Pour terminer chacun des douze niveaux qui constituent le jeu, la démarche est simple : on explore toute la zone, on lit les pensées d'un PNJ dès qu'on en croise un et on récupère l'objet éventuellement lâché pour essayer de le coller sur un autre PNJ. Voilà. Aparemment, les développeurs voulaient que le joueur réfléchisse, mais c'est peine perdue : les situations sont totalement illogiques, systématiquement atteintes du syndrome "canard de bain", dans lesquelles il faut réaliser une suite d'actions imprévisible aboutissant à un résultat dont on ne sait pas davantage que faire.
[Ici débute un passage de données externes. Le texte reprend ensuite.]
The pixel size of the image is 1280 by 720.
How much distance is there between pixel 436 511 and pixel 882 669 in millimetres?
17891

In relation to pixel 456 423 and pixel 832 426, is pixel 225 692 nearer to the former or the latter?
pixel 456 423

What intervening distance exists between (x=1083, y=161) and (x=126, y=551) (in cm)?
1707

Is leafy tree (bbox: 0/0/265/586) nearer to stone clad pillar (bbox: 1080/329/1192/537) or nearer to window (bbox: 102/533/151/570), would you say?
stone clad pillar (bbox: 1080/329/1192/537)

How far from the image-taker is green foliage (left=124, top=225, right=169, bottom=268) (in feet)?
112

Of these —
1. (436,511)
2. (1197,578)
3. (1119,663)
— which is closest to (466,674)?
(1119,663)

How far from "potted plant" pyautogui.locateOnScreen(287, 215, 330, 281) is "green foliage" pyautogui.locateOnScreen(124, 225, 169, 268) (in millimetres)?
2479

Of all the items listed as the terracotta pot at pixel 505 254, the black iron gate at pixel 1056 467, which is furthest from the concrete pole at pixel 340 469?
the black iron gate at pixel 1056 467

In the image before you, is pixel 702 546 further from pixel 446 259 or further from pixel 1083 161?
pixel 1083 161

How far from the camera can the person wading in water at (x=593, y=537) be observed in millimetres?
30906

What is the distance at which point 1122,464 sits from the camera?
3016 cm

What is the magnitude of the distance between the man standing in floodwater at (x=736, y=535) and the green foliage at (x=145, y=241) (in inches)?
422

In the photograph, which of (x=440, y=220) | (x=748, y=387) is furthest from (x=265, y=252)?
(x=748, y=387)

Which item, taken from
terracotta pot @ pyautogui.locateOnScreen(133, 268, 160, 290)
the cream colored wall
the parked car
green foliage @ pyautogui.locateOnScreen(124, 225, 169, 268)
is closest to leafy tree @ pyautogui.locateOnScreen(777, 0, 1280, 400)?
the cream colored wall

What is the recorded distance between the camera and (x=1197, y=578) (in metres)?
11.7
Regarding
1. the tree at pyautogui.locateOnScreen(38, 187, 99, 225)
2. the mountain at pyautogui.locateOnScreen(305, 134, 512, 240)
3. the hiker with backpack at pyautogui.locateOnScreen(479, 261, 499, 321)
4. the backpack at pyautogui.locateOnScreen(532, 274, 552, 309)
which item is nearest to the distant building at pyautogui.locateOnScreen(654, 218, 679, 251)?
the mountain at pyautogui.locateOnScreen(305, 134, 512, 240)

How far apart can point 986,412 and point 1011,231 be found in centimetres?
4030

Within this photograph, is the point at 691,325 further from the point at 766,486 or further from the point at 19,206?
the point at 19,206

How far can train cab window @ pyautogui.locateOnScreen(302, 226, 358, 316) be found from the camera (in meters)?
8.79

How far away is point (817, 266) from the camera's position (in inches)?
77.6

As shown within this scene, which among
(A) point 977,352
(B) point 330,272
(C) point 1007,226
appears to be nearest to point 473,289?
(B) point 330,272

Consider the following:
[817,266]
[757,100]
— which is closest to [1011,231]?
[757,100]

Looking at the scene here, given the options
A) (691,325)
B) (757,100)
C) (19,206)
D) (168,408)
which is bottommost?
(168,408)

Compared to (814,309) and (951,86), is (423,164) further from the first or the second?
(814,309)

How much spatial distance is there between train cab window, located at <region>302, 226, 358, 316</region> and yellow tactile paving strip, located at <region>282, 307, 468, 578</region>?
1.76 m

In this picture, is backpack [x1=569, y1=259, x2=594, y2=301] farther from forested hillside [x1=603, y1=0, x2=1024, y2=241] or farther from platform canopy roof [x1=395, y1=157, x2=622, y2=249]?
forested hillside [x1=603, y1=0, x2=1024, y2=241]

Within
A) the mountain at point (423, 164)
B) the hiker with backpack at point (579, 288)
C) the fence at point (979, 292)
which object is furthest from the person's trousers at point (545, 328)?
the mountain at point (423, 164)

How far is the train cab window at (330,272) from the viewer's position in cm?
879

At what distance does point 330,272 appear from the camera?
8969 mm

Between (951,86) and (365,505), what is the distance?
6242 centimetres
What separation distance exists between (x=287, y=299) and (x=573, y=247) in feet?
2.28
On colle et on décolle (soit : on ramasse et on pose, comme dans n'importe quel jeu d'aventure) au hasard des interactions autorisées, jusqu'à ce qu'une cut scene se déclenche et qu'on passe au niveau suivant. Basta. Apparemment conscients que c'était ennuyeux, les développeurs ont tout de même prévu la possibilité de faire avance rapide pendant les lectures de pensées. Il y a bien quelques niveaux sympa où une certaine logique de l'absurde est palpable, notamment les tout derniers... mais la plupart du temps, ce n'est que routine et sourires de plus en plus forcés.
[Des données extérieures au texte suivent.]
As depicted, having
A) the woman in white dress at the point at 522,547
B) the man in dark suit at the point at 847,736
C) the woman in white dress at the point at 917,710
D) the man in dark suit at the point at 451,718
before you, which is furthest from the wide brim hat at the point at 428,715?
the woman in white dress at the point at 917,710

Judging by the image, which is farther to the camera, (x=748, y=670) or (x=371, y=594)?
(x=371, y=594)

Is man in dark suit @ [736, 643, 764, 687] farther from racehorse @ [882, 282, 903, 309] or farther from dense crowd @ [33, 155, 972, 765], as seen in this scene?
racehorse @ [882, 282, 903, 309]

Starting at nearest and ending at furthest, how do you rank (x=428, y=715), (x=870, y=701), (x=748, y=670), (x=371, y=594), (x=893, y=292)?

L'histoire, qui aurait voulu être barrée et maline, agace tandis que le joueur progresse sans vraiment savoir comment. Sur Vita (version testée), le jeu est bugué, mal fini, avec des contrôles plutôt foireux : on ne peut pas utiliser les surfaces tactiles (un comble dans un jeu qui a un univers de papier où l'on colle des autocollants), la croix multidirectionnelle n'est pas gérée et la sensibilité des sticks dans les menus donne envie de s'arracher les cheveux. Le pire reste pourtant à venir, avec des cut-scenes se déclenchant sans le son (il faut alors quitter, puis relancer le jeu) ou encore la disparition des sous-titres pendant de longues minutes (alors qu'ils ont été faits : ils s'affichent correctement, aléatoirement, si on recommence le niveau)... Bref, à plus d'un titre, Stick It To The Man est une occasion manquée, un titre plutôt maîtrisé d'un point de vue artistique, mais dont les mécaniques sont si peu résistantes qu'on en vient à se demander si les développeurs ont réellement réfléchi à leur idée. Le délire se bouclant en deux petites heures, on lui préfèrera ses concurrents cachés, qui font à peu près la même chose sous un habillage à peu près identique : les jeux LucasArts, Pendulo, qui s'épargnent des phases de plates-formes inutiles et enrobent leurs énigmes dans une logique au moins vaguement perceptible. Des points'n'click, en fait.